Example: To illustrate the current situation and how compulsory licensing would prove serving in improving access to medicines in developing countries where the rights of patent holders are protected.

Let us use the following example; a thousand children die of dysentery alone every year.

Uganda and Kenya are neighbors and similarly poor countries. Yet a child getting dysentery in Uganda has a much better chance of surviving than a child getting dysentery in Kenya. The reason is that Ciprofloxacin, an anti-biotic that kills the Shigella bacteria that cause dysentery sell for just seven US cents per tablet in Uganda, whereas in Kenya the same drug is priced at US$ 2.42 making this necessary lifesaver far beyond the means of the parents of most of the children getting dysentery. The simple reason for this vast price difference is that Kenya has laws respecting patents and Uganda has not.

Let us take another example; an antibiotic used to treat respiratory and sexually transmitted infections (Azythromicin), which are among the most highly prevalent disease in developing countries, cost US$ 2.70 per 259 gm capsule in Kenya where it is patented by the pharmaceutical company Pfizer and marketed under the trade name Zithromax® is over three times cheaper than the trade price in Kenya (US$ 0.84).
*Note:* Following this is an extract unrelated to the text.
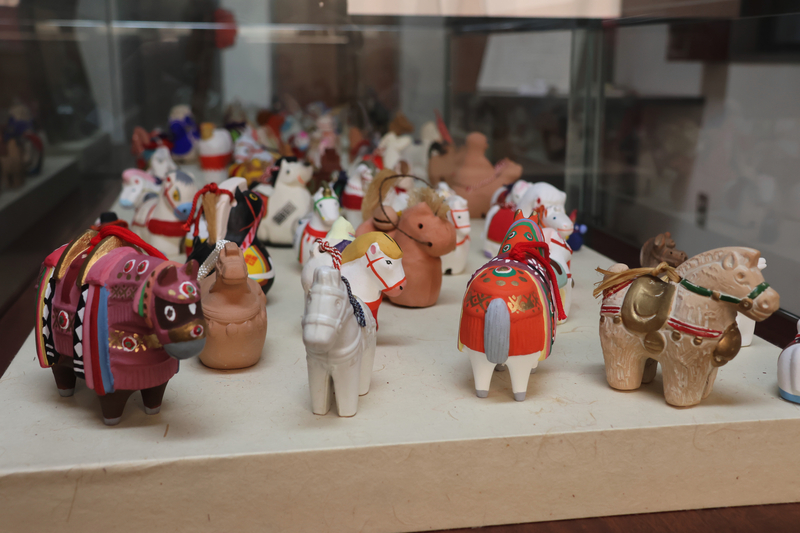 馬の土鈴ずらり150点 中野市の土人形資料館で干支にちなんだ展示会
Now if the Kenyan government issued a compulsory license for Azythromicin, generic versions of the drug would be able to treat five to seven times more patients on the same budget.

In attempting to justify their position and role in hindering access to essential medicines, multinational pharmaceutical companies continue to claim that lower prices for drug therapies in developing countries would be a serious threat to their research and development funding. This is, however, a very weak argument indeed. Although the majority of the world's population lives in developing countries, these countries represent only a small proportion of the global pharmaceutical market. It is even more startling to note that Compulsory Licenses have been issued in the richest countries of the world.